The key changes I liked:
1. Heirarchically clustered physical schema model: I always thought heighrarchical model is more suited for real life application than a pure relational model. This implementations is proving it.

2. Protocol Buffers: Columns allowing structured types. It saves a lot of ORM style conversions when moving data from a storage to in-memory and vice versa.

A quote from the paper’s conclusion:

In recent years, conventional wisdom in the engineering community has been that if you need a highly scalable, high-throughput data store, the only viable option is to use a NoSQL key/value store, and to work around the lack of ACID transactional guarantees and the lack of conveniences like secondary indexes, SQL, and so on. When we sought a replacement for Google’s MySQL data store for the Ad-Words product, that option was simply not feasible: the complexity of dealing with a non-ACID data store in every part of our business logic would be too great, and there was simply no way our business could function without SQL queries.

So, ACID is needed and SQL is essential for running the businesses! Have a nice weekend!!

Storing Rows and Columns

December 4, 2011

A fundamental requirement of a database is to store and retrieve the data. In Relational Database Management Systems (RDBMS) the data is organized into a table that contain the rows and columns. Traditionally the data is stored into blocks of rows. For example a “sales transaction row” may have 30 data items representing 30 columns. Assuming a record occupies 256 bytes, a block of 8KB can hold 32 such records. Again assuming a million such transactions that need to be stored in 32150 blocks per day. All this works well as long as we need the data as ROWS! We want to access one row or a group of rows at a time to process that data, this organization has no issues.

Let us consider if we want to get a summary of total value of type x items that are sold in past seven days. This query need to retrieve 7million records that contain 30 columns each to just process the count of items of types x. All that we need is two columns item type and amount to process this. This type of analytical requirement lead us to store the data in columns. We group the columns together and store them in blocks. It improves the speed of retrieving the columns from the overall table quickly for the purpose of analyzing the data.

But the column storage has its limitations when it comes to the write and update

With a high volume of social data, where there is high volume of write is needed (like messages and status updates, likes and comments etc.,) , highly distributed, NOSQL based column stores are emerging into mainstream. Apache Cassandra is the new breed of NOSQL column store that was initially developed by Facebook.

So, we have a variety of data base / data stores available now, a standard RDBMS engine with SQL support for OLTP applications, A column based engies for OLAP processing and noSQL based key value pair stores for in-memory processing, highly clustered Hadoop style big data with map/reduce framework for big data processing and noSQL based column stores for high volume social write and read efficiencies. 

Making right choice of data store for the problem in had is becoming tough with many solution options. But that is the job of an architect; Is it not?

>SQL performance tuning

April 30, 2011

>Having seen several performance problems within IT systems, I have a methodology for performance tuning. When it comes to a SQL query tuning, it should be slightly different.

9 out of 10 cases of performance problems on relational database systems relate to a bad SQL programming. Even with the latest “optimizers” within the commercial database management core execution engines, it is the skill of the developer to make use of the facilities effectively to get the best out of the RDBMS.

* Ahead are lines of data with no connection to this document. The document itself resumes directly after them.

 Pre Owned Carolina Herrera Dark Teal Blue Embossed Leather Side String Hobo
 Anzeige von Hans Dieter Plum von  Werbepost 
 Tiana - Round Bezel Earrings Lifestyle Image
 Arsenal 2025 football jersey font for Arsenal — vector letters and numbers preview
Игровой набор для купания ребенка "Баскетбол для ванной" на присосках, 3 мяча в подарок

I have recently came across a typical problem with a “junction table” design.
A set of tables represent USER and all are connected by a USERID
Another set of tables represent ACCOUNT and all are connected by ACCOUNTID

The software product implements the one to many relationship using a junction table called USER_ACCOUNTS which contains (USERID, ACCOUNTID) with the composite primary key USERID, ACCOUNTID.

Now there are 30K users 120K accounts and 120K USER_ACCOUNTS and a query that need to get data from USER tables involving some outer joins on itself and ACCOUNT tables which joins multiple tables to get various attributes; all these tables linked in a join using the junction table. That query runs for 18 hours.

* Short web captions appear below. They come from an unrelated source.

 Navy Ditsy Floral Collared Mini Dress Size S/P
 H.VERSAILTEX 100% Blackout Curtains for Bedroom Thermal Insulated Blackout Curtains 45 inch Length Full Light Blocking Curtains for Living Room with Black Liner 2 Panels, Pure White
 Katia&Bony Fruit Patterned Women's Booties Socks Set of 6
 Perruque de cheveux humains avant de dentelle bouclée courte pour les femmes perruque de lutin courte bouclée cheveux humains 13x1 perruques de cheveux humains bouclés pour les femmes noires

When the query is split into two inline views with all the required filtering in each side of data access on USER and ACCOUNT individually and then joined using the junction table it completes in 43 seconds.

So, FILTER and then JOIN is better than JOIN and then FILTER in terms of resource consumption. Hence the performance tuning is all about doing the sequence of actions in the right order to minimize the consumption of resources to perform the job!